8 Replies Latest reply on May 6, 2020 6:49 AM by Ice_Dog_M

    PSoD with suspended I/Os on capacity SSD

    Ice_Dog_M Lurker

      Hello,

      7-node all-flash vSAN cluster. One host went into PSoD with the following error. All VMs on the host crashed, restarted on another host by HA but we still needed some manual steps to perform to start the databases. Is this behavior by design or misconfiguration? I have FTT2 and FTT3 policies but VMs could crash with a single disk problem?

        • 1. Re: PSoD with suspended I/Os on capacity SSD
          Ice_Dog_M Lurker

          have you had the same issue again?

          • 2. Re: PSoD with suspended I/Os on capacity SSD
            ralfthiel Novice

            No, it was only once so far.

            • 3. Re: PSoD with suspended I/Os on capacity SSD
              cblochi Lurker

              Hi ralfthiel

               

              We had the same issue 4 times in the last 2-3 weeks on one of the hosts.

               

              Do you remember the commands of the missing KB link or do you have any other information?

               

              Thanks a lot
              cblochi

              • 4. Re: PSoD with suspended I/Os on capacity SSD
                TheBobkin Virtuoso
                vExpertVMware Employees

                Hello All,

                 

                "Is this behavior by design or misconfiguration?"

                This is by design - while we test as rigidly as possible any components and driver+firmware combinations that we certify on the vSAN HCL, it is not feasible to test every possible combination of components used together - thus there are scenarios where a disk or controller can become in a non-responsive state and for which the various means by which ESXi and vSAN deal with these cannot do so in a convenient manner.

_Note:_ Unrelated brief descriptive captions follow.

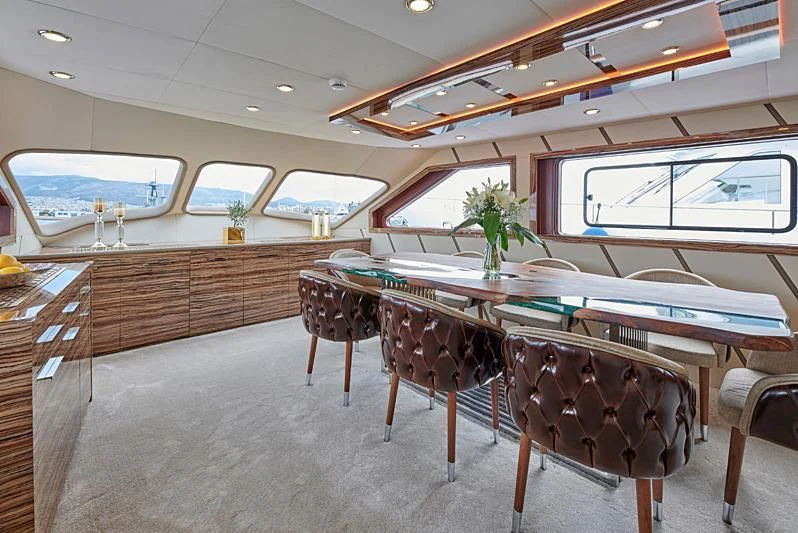 a room with a table and chairs aboard WIDE LIBERTY Yacht for Sale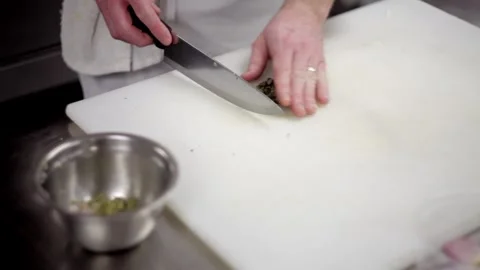 Cutting vegetables in a cutting board in the kitchen Stock Footage 307340114
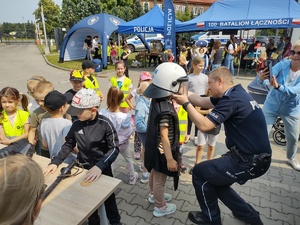 policjanci bawią się z dziećmi w tle teren zewnętrzny jednostki, radiowozy, banery, dzieci i dorośli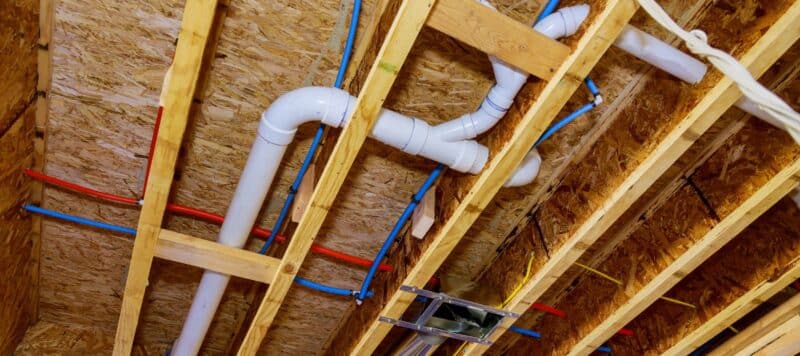 Home construction with hot and cold blue and red pex pipe layout in pipes and exposed beams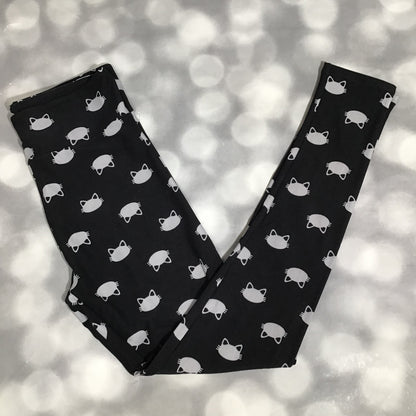LuLaRoe leggings featuring a black background with small white cat face icons arranged in a repeating minimalist pattern on a blurred light gray background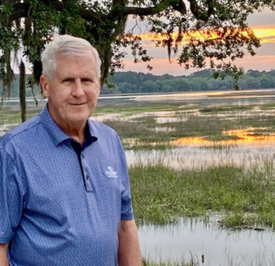 A man smiles outdoors in front of trees and a lake at sunset.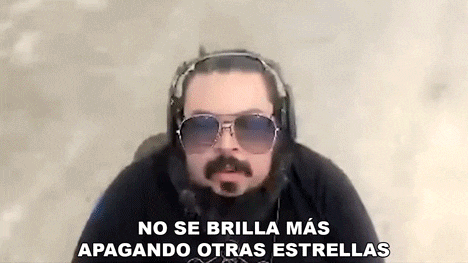 a man with a mustache and sunglasses is wearing headphones and making a funny face .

                Not dealing with such scenarios in a timely manner can potentially have knock-on impacts on the performance and data-sync of the cluster and thus PSODing the host after 120 seconds of the problematic component being unable to comply, while a bit brute-force, in my opinion is better than the alternative of not doing anything.

                 

                ralfthiel, I would advise against posting (currently) internal-only information and/or shared with you privately by VMware, I am no lawyer but potentially this could have legal implications and/or likely violates the terms of your organisations support contract with VMware.

                That being said, I do agree that this should be publicly documented so as better understanding of the issues is easily accessible - I am currently engaged with my colleagues with regard to the feasibility of this.

                 

                "have you had the same issue again?"

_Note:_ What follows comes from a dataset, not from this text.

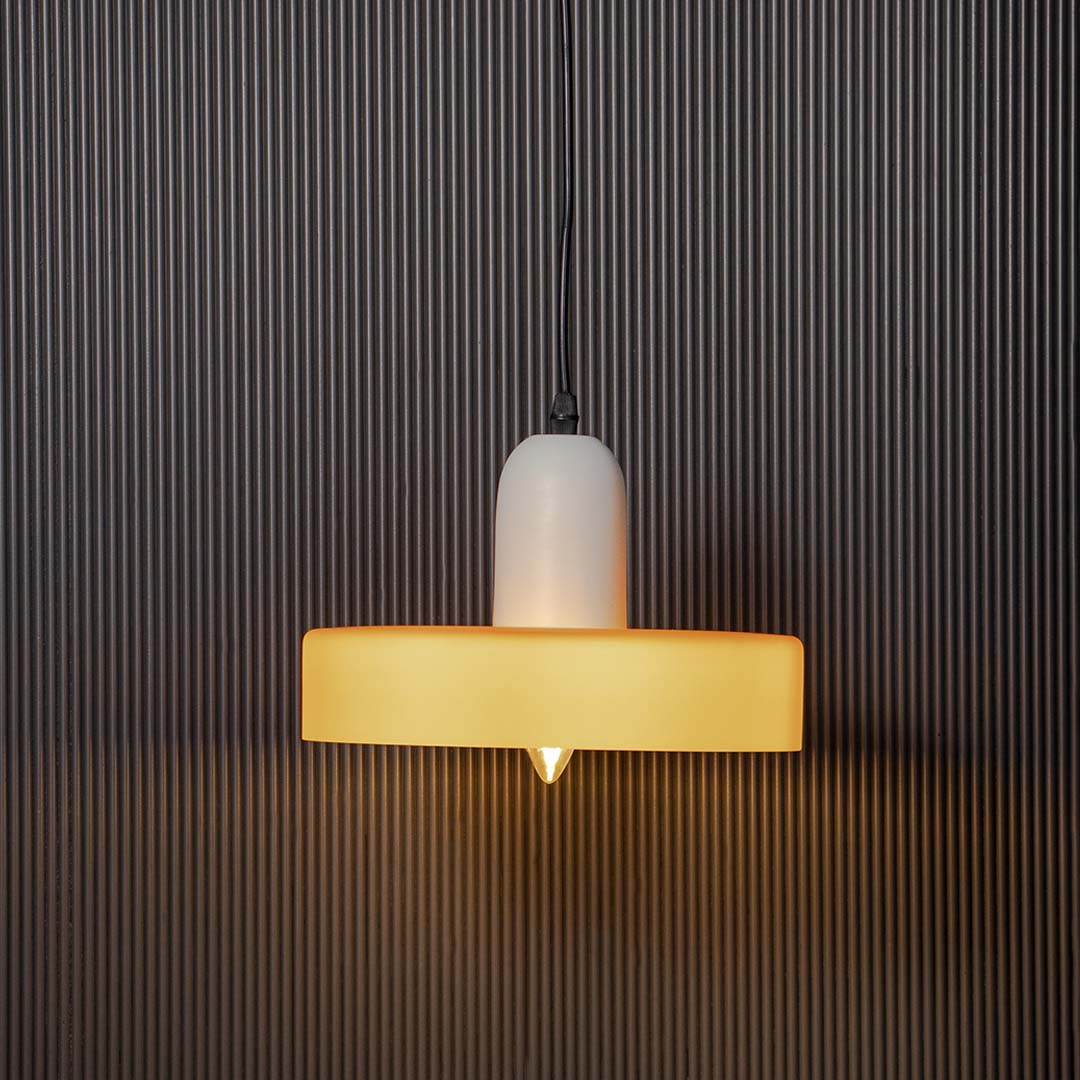 White and mustard yellow pendant ceiling light glowing warmly against dark black background creating luxury home decor look.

                Ice_Dog_M, you are asking the wrong question here - PSODs are often just the outcome of a different issue with the host, they are not the actual problem - the PSOD here is occurring because there was an issue with a disk and/or controller that could not be managed by our array of conventional (and less disruptive)means of doing so. Thus the underlying problem needs to be addressed if you do not wish this to re-occur

                 

                "We had the same issue 4 times in the last 2-3 weeks on one of the hosts."

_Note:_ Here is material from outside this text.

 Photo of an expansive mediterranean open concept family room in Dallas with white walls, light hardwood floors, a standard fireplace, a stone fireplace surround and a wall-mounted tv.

                cblochi, please open a Support Request with us at GSS so that we can assist with identifying and resolving the underlying issue - I would not advise disabling this mechanism unless you have clear evidence that it is being triggered in some scenario where it should not be.

                 

                Bob

                • 5. Re: PSoD with suspended I/Os on capacity SSD
                  ralfthiel Novice

                  I'm sorry, you're right of course.

                  I just removed my post.

                  • 6. Re: PSoD with suspended I/Os on capacity SSD
                    TheBobkin Virtuoso
                    VMware EmployeesvExpert

                    Hello All,

                     

                    As I said I would, I have worked with my colleagues to 'un-disappear' the kb article that in better detail explains the rationale and mechanisms of this PSOD:

                    VMware Knowledge Base

                     

                    If this PSOD is encountered, I would advise engaging GSS vSAN and likely your hardware vendor as the PSOD is not the root problem - the host was PSODed to avoid further impact due to controller/disk issues that could not be remediated by any other means.

                     

                    Bob

                    • 7. Re: PSoD with suspended I/Os on capacity SSD
                      cblochi Lurker

                      Hello all,

                       

                      at the time of my first post, I used SSDs, which are not part of the compatibility list.

                       

                      I reorganized my vSAN and substituted the old SSDs with supported SSDs. So far, it is working.

                       

                      There is might be and (partly) broken disk among the old SSDs, That's maybe the root of the PSoD, I will check this in the next weeks.

                       

                      Thanks for your help!

                       

                      Best regards

                      cblochi

                      • 8. Re: PSoD with suspended I/Os on capacity SSD
                        Ice_Dog_M Lurker

                        Hello and thank you for making this KB available again. Had the same issue with the other host, filled support ticked this time. Got a copy/paste of the article as an answer and advice to work this out with the hardware vendor. I think that the only fast and reliable option is to remove any disk groups from a couple of hosts and stick important VMs to them. How would IO/latency perform on compute only nodes in vSAN cluster? Does vSAN tries to hold VM data near to VM host?